All of this can be attributed to those newest owners, Dan Martinez, the former chief operating officer of Palace Entertainment, and Ryan Sauter, a former movie studio executive vice president and producer. These two entrepreneurs appear to be brimming with optimism, ambition and a tad of demolition, especially given the recent removal of the iconic pharaoh in their mission to revamp the aging amusement park.
Though 22 years may not seem ancient, when the Braswell family first opened Pharaoh’s Lost Kingdom in 1996 their hope to create “an oasis for families all over the Inland Empire” would weather a succession of hardships to age the park well beyond its years. However, the deterioration of Pharaoh’s relationship with the community arguably began in 2002 with an unfortunate fall from the Ferris Wheel and a subsequent $5 million lawsuit.
In 2006, despite ownership by family-friendly Aladdin Entertainment Group, physical operation of the park fell to Shahvand Aryana, under whom the grounds became plagued by the all-night raves soon to be notorious for constant noise complaints, drug arrests and parking disasters.
Notably, in February 2009, police officers patrolling “Project Love Group,” a Valentine’s-Day-themed rave, noticed children as young as 12 in attendance amid their 23 arrests for drug violations, vandalism, DUIs and other illegal activities. Moreover, from the same event, two 14-year-old girls went missing for two days until found during a rainstorm in a Beaumont parking lot, still recovering from an ecstasy binge.
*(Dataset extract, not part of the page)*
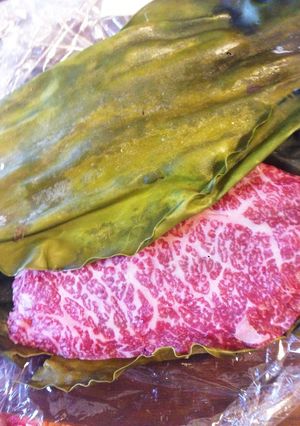 ギュウっと締めて！牛肉の昆布締め-レシピのメイン写真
The following months of 2009 brought additional raves including “Get Lucky” and “420 Fest,” all of which turning out attendances in the thousands and arrests in the double-digits. Meanwhile in the courthouse, Aladdin Entertainment Group, Shahvand Aryana and even the city of Redlands were locked in a series of legal battles regarding the park’s contested conditional use permit and Aryana’s repeated misuse of the grounds. Ultimately, Pharaoh’s remained nearly abandoned until a lawsuit settlement agreement was finally reached and Clearwater Waterpark Development later purchased the defunct park in 2012.
Under new management, Pharaoh’s was rechristened “Splash Kingdom at Pharaoh’s” and underwent rebranding towards a more family-oriented beach theme. Additions such as SkyTown, a 17,000 square foot wave pool and a pair of oversized sunglasses signaled the turning over of a new leaf for the amusement park. Splash Kingdom would continue providing modest, local entertainment for the community over the next five years until current owners, Dan Martinez and Ryan Sauter, assumed ownership on May 1, 2017.
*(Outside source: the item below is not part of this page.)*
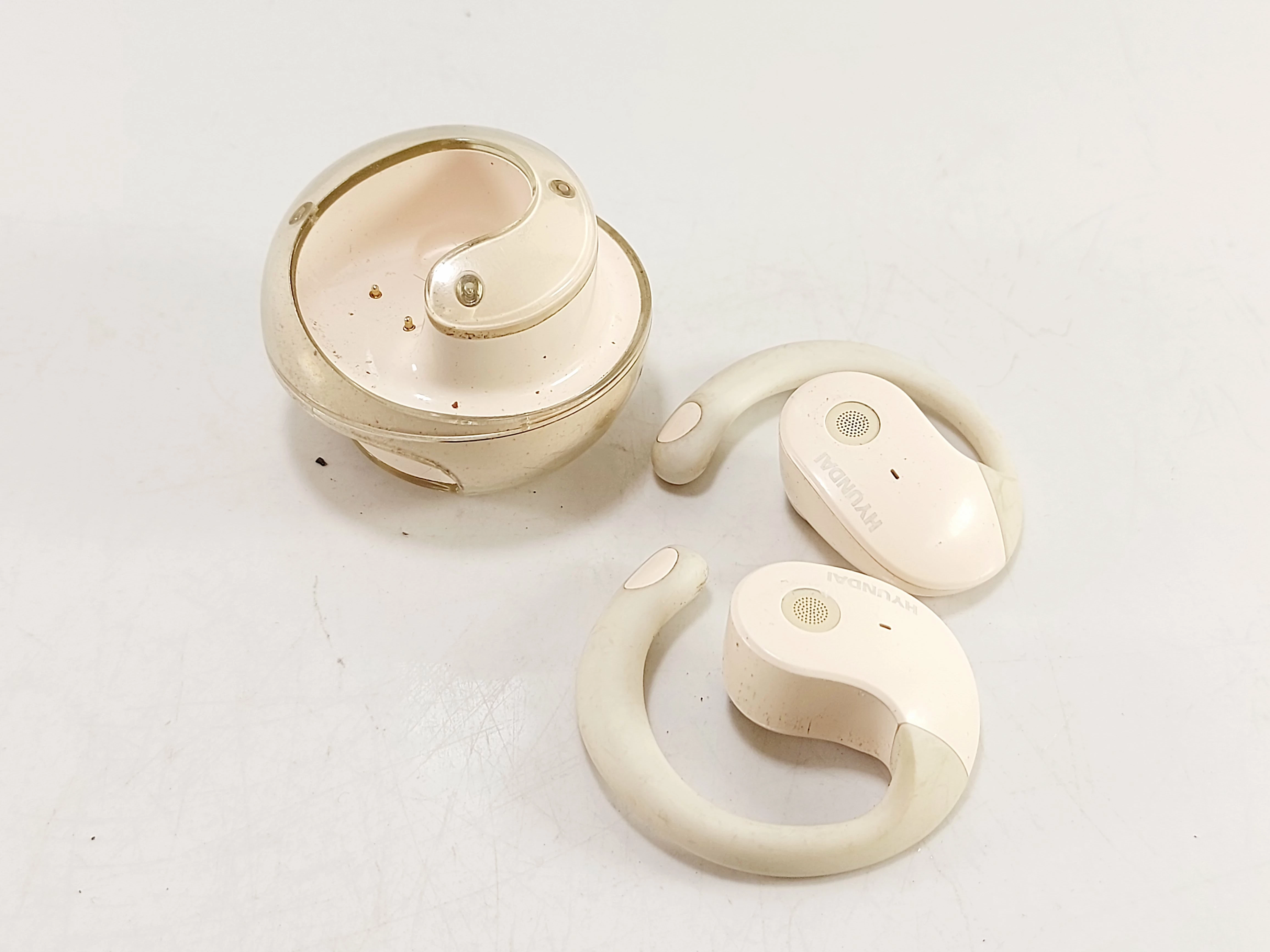 sluchawki-bezprzewodowe-hyundai-hy-726-starolecka-63-poznan-x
In recent weeks, Splash Kingdom has been preparing for renovation and many parts of the park have been closed off and left empty, though no part as jarringly barren as the front entrance. First losing its sunglasses and now missing entirely, the trademark pharaoh’s removal is only the beginning of the new owners’ big plans for the coming years.
First and foremost, at the core of all their plans, Martinez and Sauter have expressed great interest in making the site as community-oriented as possible.